#### [Exercise]
Set down each line of the data exactly, but not the pictures.

Top of Provided data

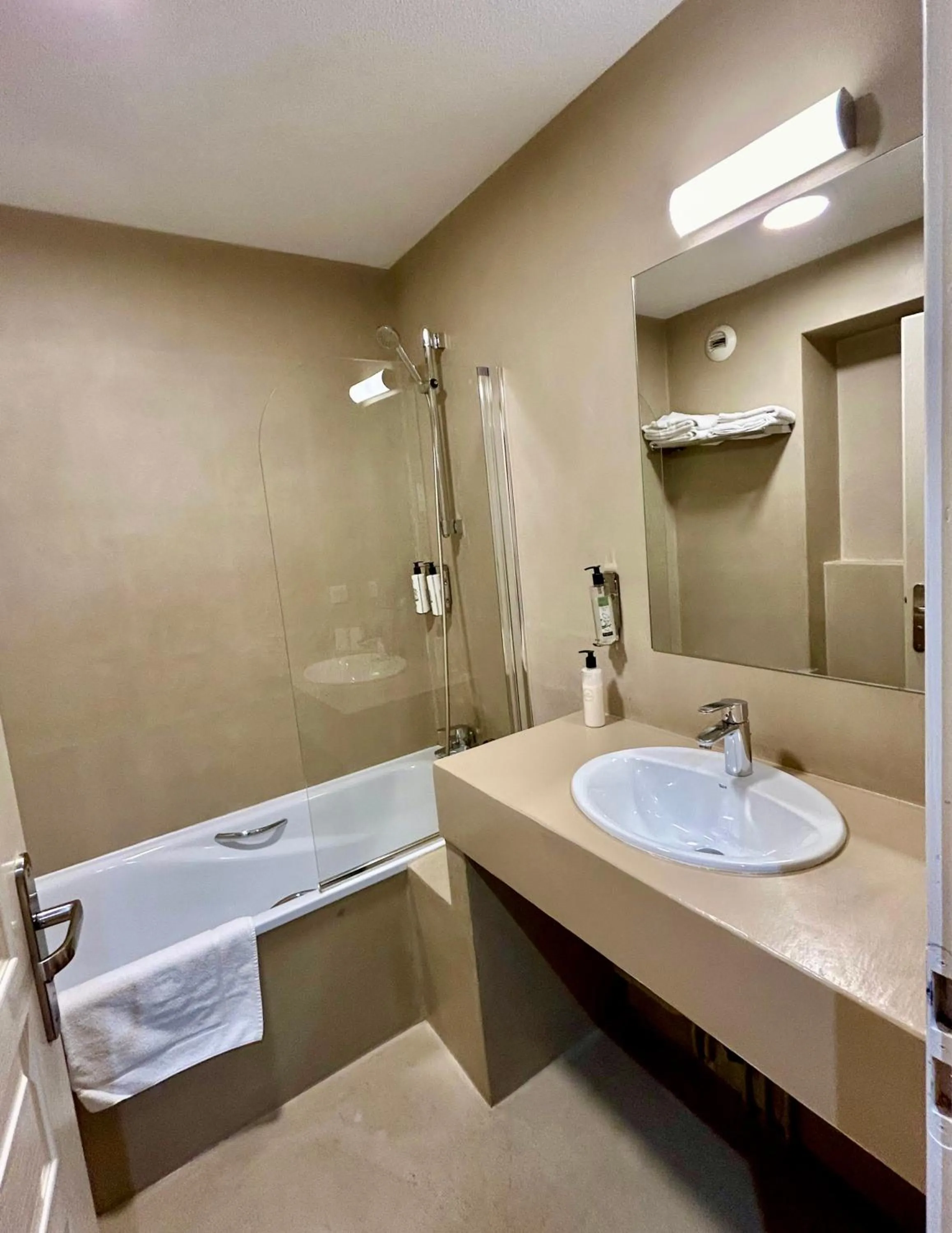 Bathroom in Hôtel & Appart-hôtel Olatua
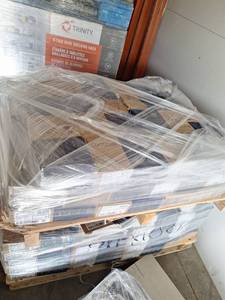lot 51002 image: Pallet Of Miscellaneous Tile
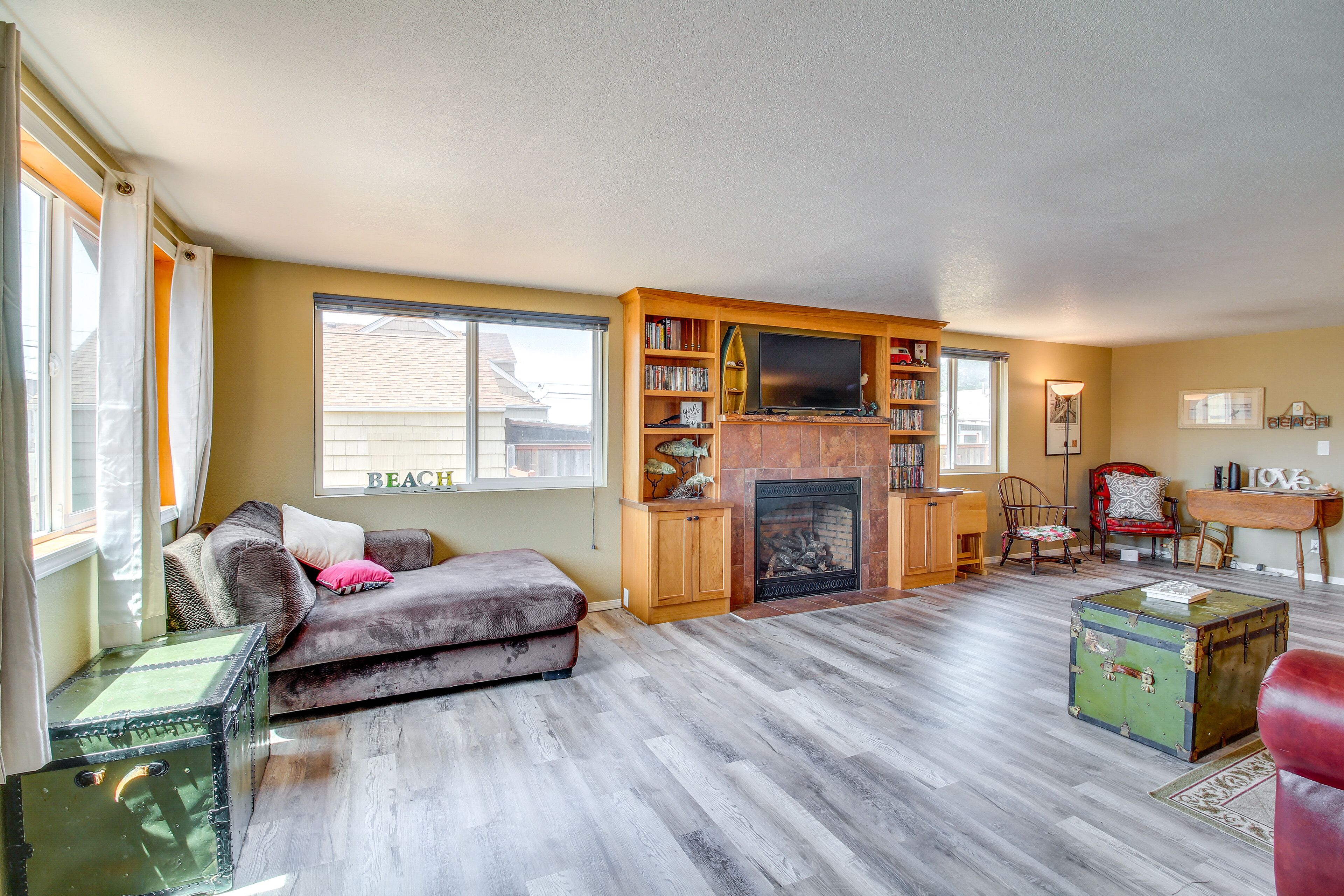 TV, fireplace, DVD player, books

Bottom of Provided data

#### [Answer to this problem]
 Bathroom in Hôtel & Appart-hôtel Olatua
lot 51002 image: Pallet Of Miscellaneous Tile
 TV, fireplace, DVD player, books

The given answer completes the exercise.